Anything wrong with this C++ code

Question

Can someone please let me know if the following code has something wrong with it ... In a question I was asked if anything is wrong with the following fibonacci number function.

int fib(int n)
{
  if (n <= 1) return n;
  return fib (n-1) + fib(n-2);
}

where n is 0 ... 100

So my answer was nothing as I cannot see anything obvious. The syntax seems fine and logically this is calculating a fibonacci number. Am I correct in making this assumption ?

Answer 1

It depend on what kind of problems you are asking about. I see two problems here:

• Recursion. There is no reason for it. Just use iteration.
• Range overflow. int type cant hold all Fibonacci numbers in range [0, 100]

This is an example of fib implementation using iteration in Python(just because it can hold fib(100) out of box):

In [16]: def fib(n):
   ....:     curr, next = 0, 1
   ....:     for x in range(n):
   ....:         curr, next = next, curr
   ....:         next += curr
   ....:     return curr
   ....: 

In [17]: fib(100)
Out[17]: 354224848179261915075L

Answer 2

Sorry if the answer is too late, but you should also study the complexity of this function to understand better why it doesn't work fine.

Since for every appeal of the function you call fib(n-1) and fib(n-2) , the number of operations performed by fib(n) will be around 2^n.

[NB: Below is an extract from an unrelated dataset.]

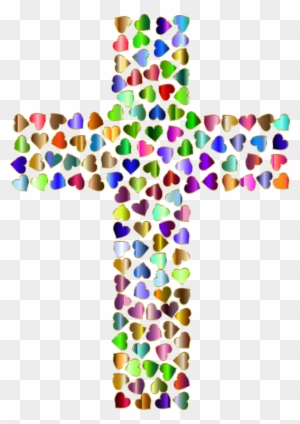 All Photo Png Clipart - Illustration Of A Christian Cross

Check the following program which counts how many times fib() is called:

#include <iostream>
using namespace std;

int cnt = 0;

int fib(int n) {
    cnt++;
    if (n <= 1) return n;
    return fib(n - 1) + fib(n - 2);
}

int main() {
    cout << fib(15) << '\n';
    cout << cnt << '\n';
}

So, if you want to call fib(100), it will perform about 10^18 operations, and assuming that your computer is fast enought to make 10^9 operations in 1 second, it will take like 33 years to finish this.

But this will cause a stack overflow error earlier.

It is true that fib(100) will have more than 19 digits, which is (aprox.) the max value that long long can hold, but this is not the main reason why your function is "sticky".

A good (and maybe the best) alternative here would be to do as @soon said above, using an iterative function / algorithm that have linear complexity (your function is exponential, read more here).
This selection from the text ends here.